Problem: Starting at the line containing "Памятник с гравировкой" and ending at the line containing "2022 Jeep Compass", transcribe the listing below exactly. Keep both end lines, skip the pictures, and copy nothing else.

Information shown:
*****

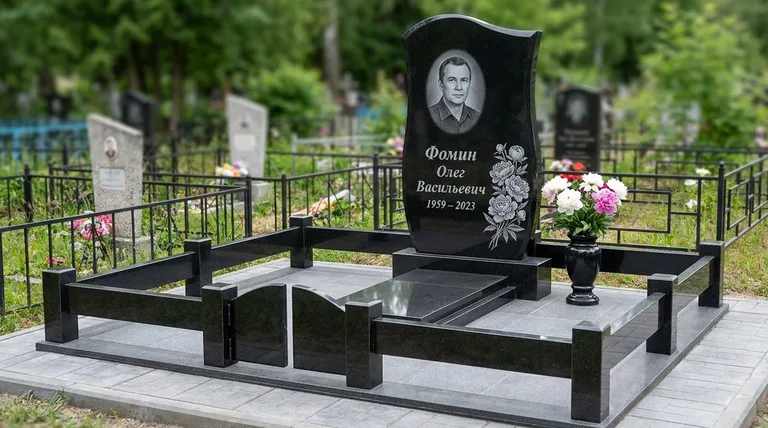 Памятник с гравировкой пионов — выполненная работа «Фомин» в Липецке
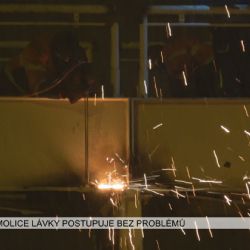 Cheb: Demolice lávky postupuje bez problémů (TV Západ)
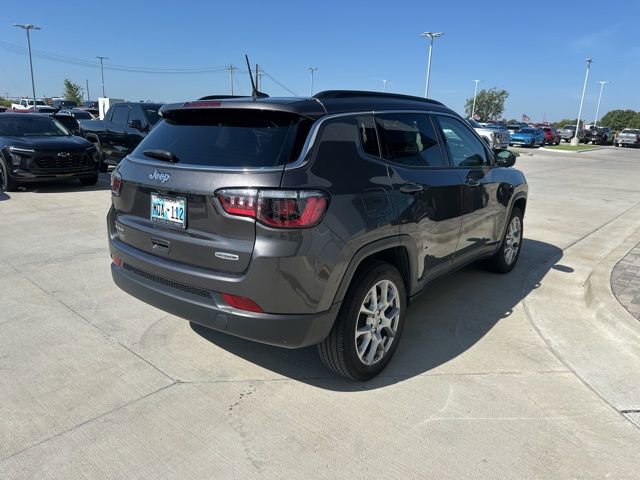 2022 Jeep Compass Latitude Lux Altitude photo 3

*****

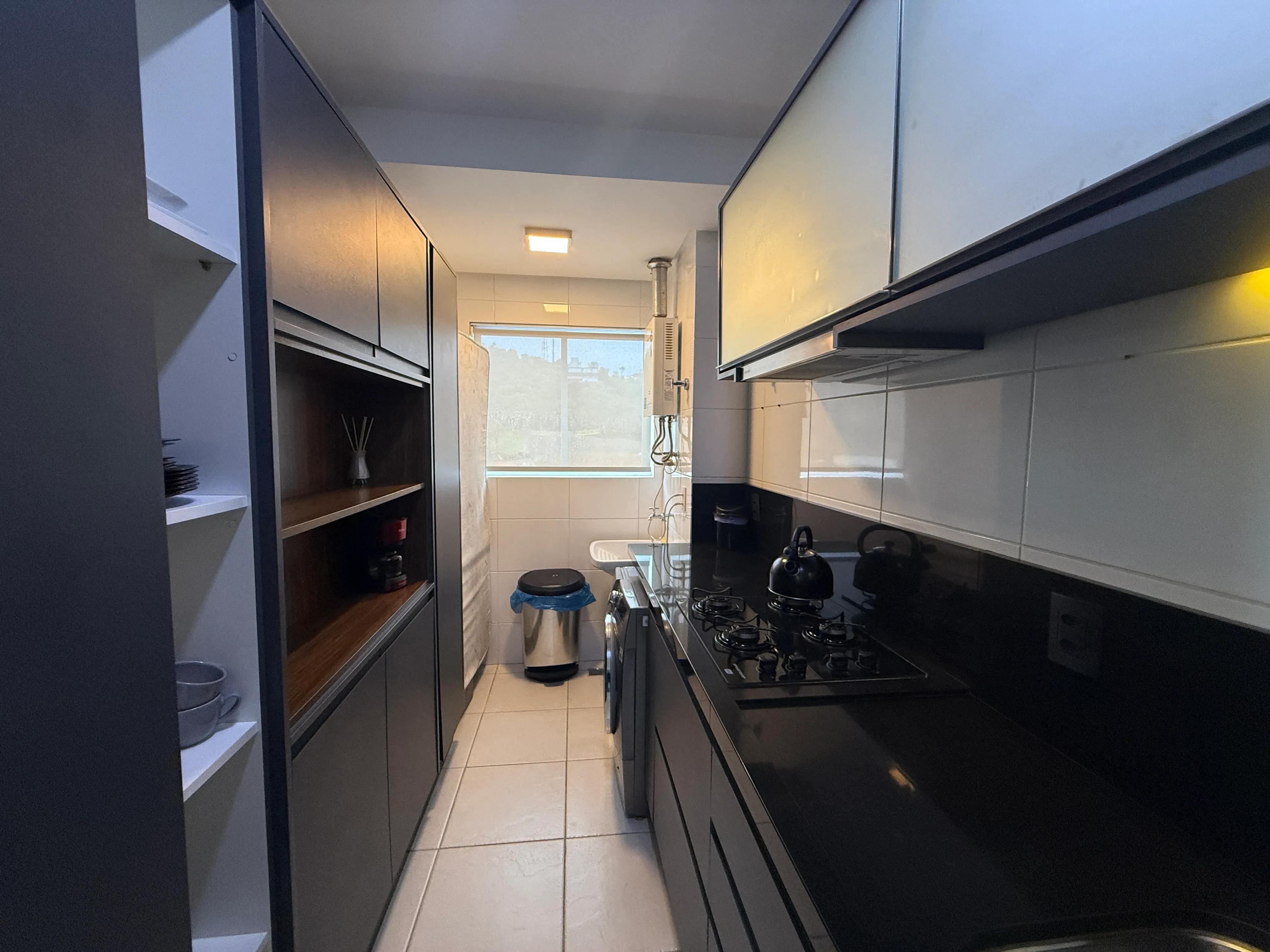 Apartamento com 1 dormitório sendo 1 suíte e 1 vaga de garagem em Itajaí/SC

*****

Output:
 Памятник с гравировкой пионов — выполненная работа «Фомин» в Липецке
 Cheb: Demolice lávky postupuje bez problémů (TV Západ)
 2022 Jeep Compass Latitude Lux Altitude photo 3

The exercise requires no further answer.